Hardly the type of endorsement required for a rare end-on production by prolific master of contemporary humour Alan Ayckbourn.

My own quip to my wife on the matter was that it would be fine as long as Imbruglia didn’t sing. She did... opening with her character’s old school song from St Gertrude’s, and later adding quite a few more choruses (both traditional and rude versions).

The soap and screen star and pop singer flapped around a little too enthusiastically establishing the role of Nikki, a battered wife making a new start with Hamish (Edward Bennett), and could never quite lose her Australian accent.

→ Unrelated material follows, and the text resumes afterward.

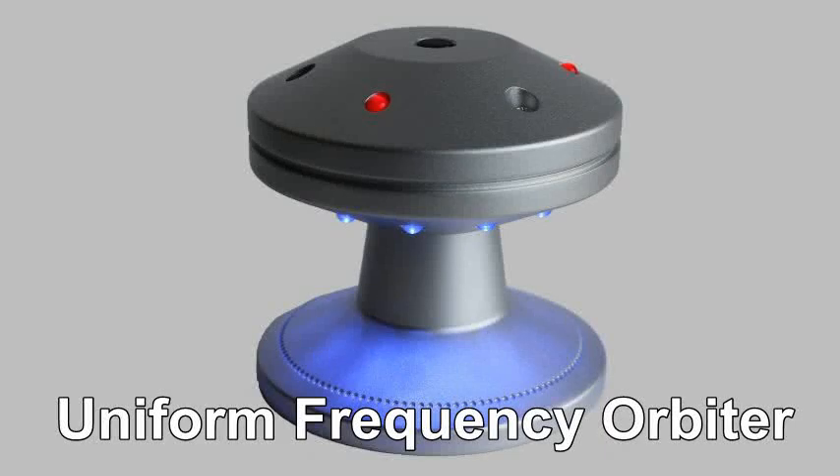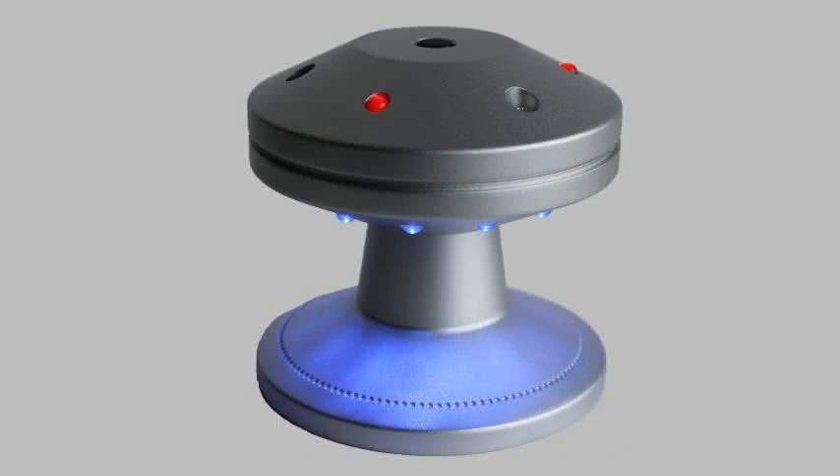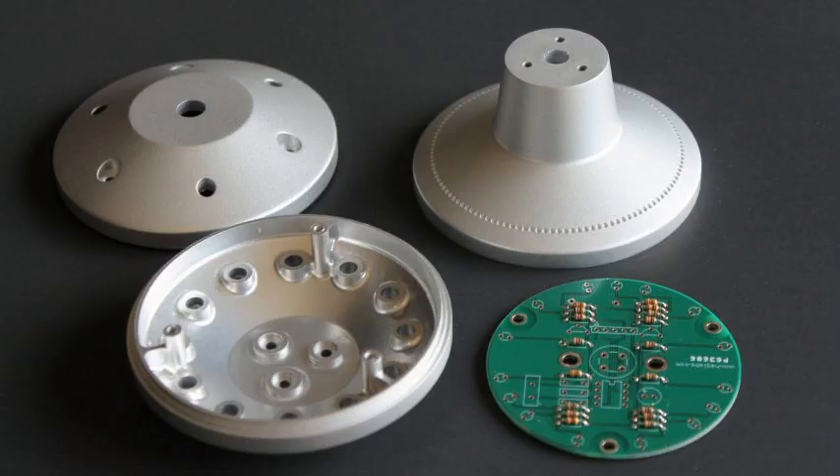Introducing the new UFO, the latest edition of our unique turntable strobe clamp. Precision machined from solid blocks of aircraft grade aluminum, the assembly weighs in at just over a pound and stands three inches tall.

Ayckbourn’s uncanny ability to present his audience with uncomfortable references to their own lives, swiftly sauntered towards sex-starved Hamish realising that workaholic Barbara (Claire Price) is a much better bet than frigid Nikki . The cleverness of displaying the action in three floors of flats (where you can only see top flat bedroom action at lower leg height, the basement at head height and Barbara’s flat as centre stage) was inspired by Clint Eastwood’s film In The Line Of Fire.

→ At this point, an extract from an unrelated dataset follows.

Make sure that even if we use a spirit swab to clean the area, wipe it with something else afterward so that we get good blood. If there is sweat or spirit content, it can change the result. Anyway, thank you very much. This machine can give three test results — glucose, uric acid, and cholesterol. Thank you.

The early acting award goes to basement tenant Gilbert (Simon Gregor), who is secretly infatuated with Barbara, but overdoes the Dutch courage and is more amusingly incoherent than a Jamaica Inn extra. This is surpassed by one of the best comedy fights I’ve seen on stage between Price and Bennett.

Promoting this prized piece from 1996 to today’s A-list theatres is still a stretch and the cast found themselves having to work hard for every guffaw and ripple of applause. One thing Imbruglia must do for love is to find that inner dramatic actor.